We’re eating these plasticizing additives, drinking them, breathing them, and absorbing them through our skin every single day. Most alarming, these chemicals may disrupt the endocrine system—the delicately balanced set of hormones and glands that affect virtually every organ and cell—by mimicking the female hormone estrogen. In marine environments, excess estrogen has led to scientists discovering male fish and seagulls that have sprouted female sex organs.
The sad truth is no one knows how long it will take for plastic to biodegrade or return to its carbon and hydrogen elements. We only invented the stuff 144 years ago and science’s best guess is that its natural disappearance will take several more centuries. Meanwhile, every year, we churn out about 60 billion tons of it, much of which becomes disposable products meant only for a single use.

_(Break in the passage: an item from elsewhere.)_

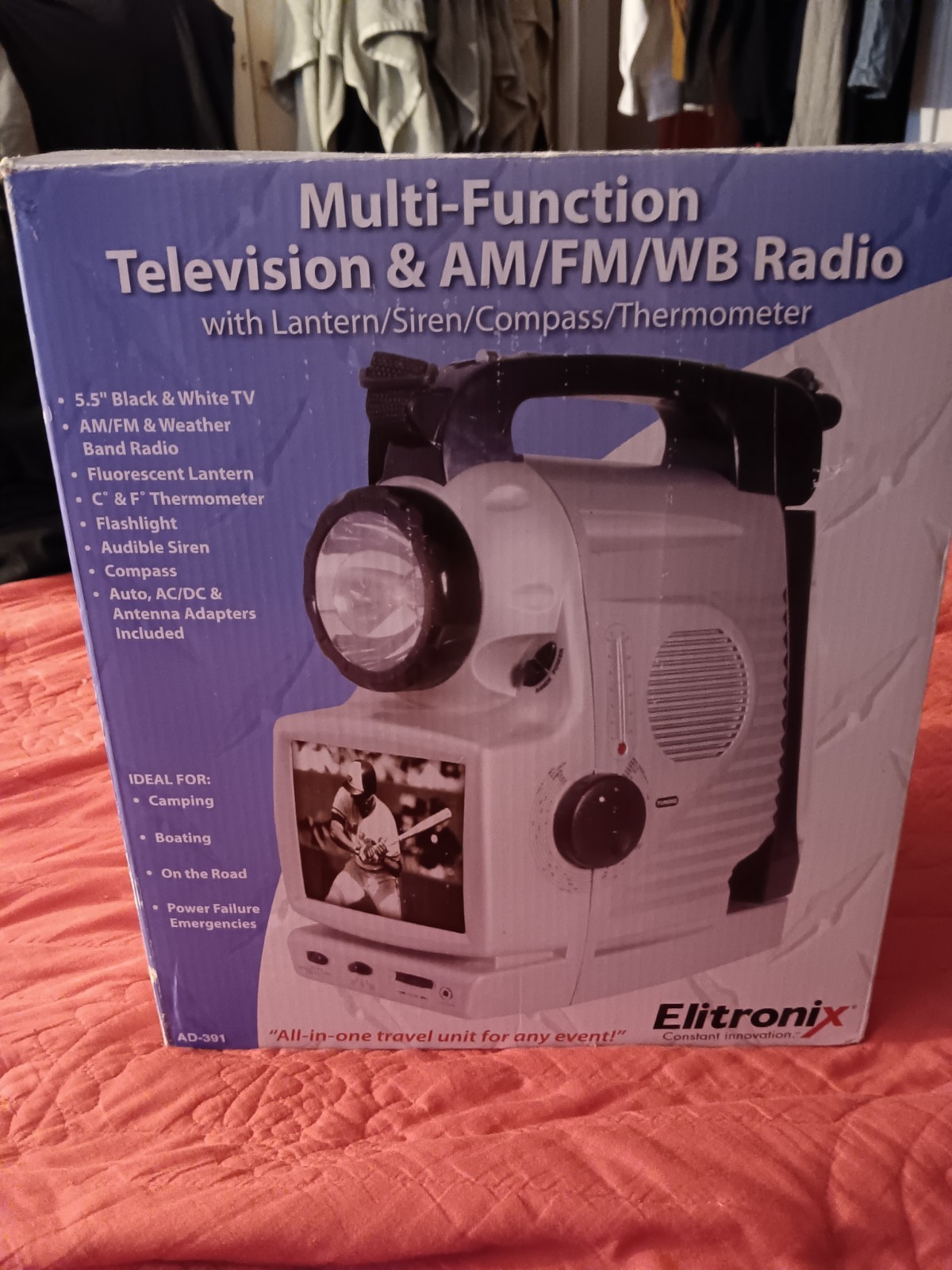 Elitronix AD-391 Emergency TV Radio AM/FM/WB Lantern Siren Compass Therm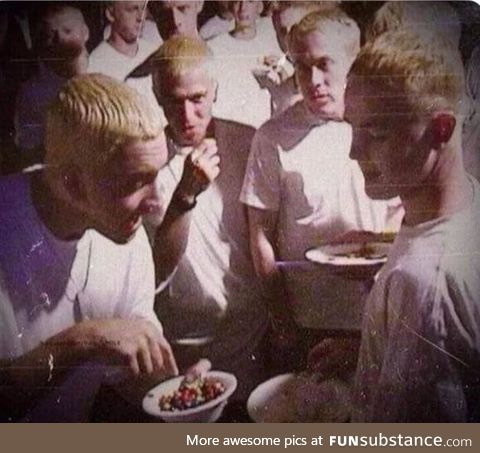Eminem sharing M&M with other Eminems in 2001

Set aside the question of why we’re creating ketchup bottles and six-pack rings that last for half a millennium and consider the implications of it:- Plastic never really goes away.
The North Pacific gyre is only one of five such high-pressure zones in the oceans. There are similar areas in the South Pacific, the North and South Atlantic and the Indian Ocean. Each of these gyres has its own version of the Garbage Patch, as plastic gathers in the currents. Together, these areas cover 40 percent of the sea. “That corresponds to a quarter of the earth’s surface,” Moore says. “So 25 percent of our planet is a toilet that never flushes.”
The benefits of plastic, most of which relate to convenience, consumer choice and profit, have been phenomenal. But except for the small percentage that has been incinerated, every single molecule of plastic that has ever been manufactured is still somewhere in the environment and some 100 million tons of it are floating in the oceans. What we cannot do is clean up the plastic in the oceans. 'It's the biggest misunderstanding people have on this issue,' Moore says. 'They think the ocean is like a lake and we can go out with nets and just clean it up. People find it difficult to grasp the true size of the oceans and the fact that most of this plastic is in tiny pieces and it's everywhere. All we can do is stop putting more of it in and that means redesigning our relationship with plastic.' We know for an absolute fact that if we continue on our current rate of consumption, we're going to run out of resources. But the annual budget for the United National Environmental Programme last year was $190 million. And the budget for the latest James Bond movie was $205 million.' "The oceans are our life support systems," says Ocean Conservancy president Vikki Spruill. "They supply much of the oxygen we breathe, the food we eat and regulate the climate we need to survive. But marine pollution continues to pose a threat to our health." Depressingly the future does not look good but each of us must make a stand and change our attitudes to plastic and our disposable society.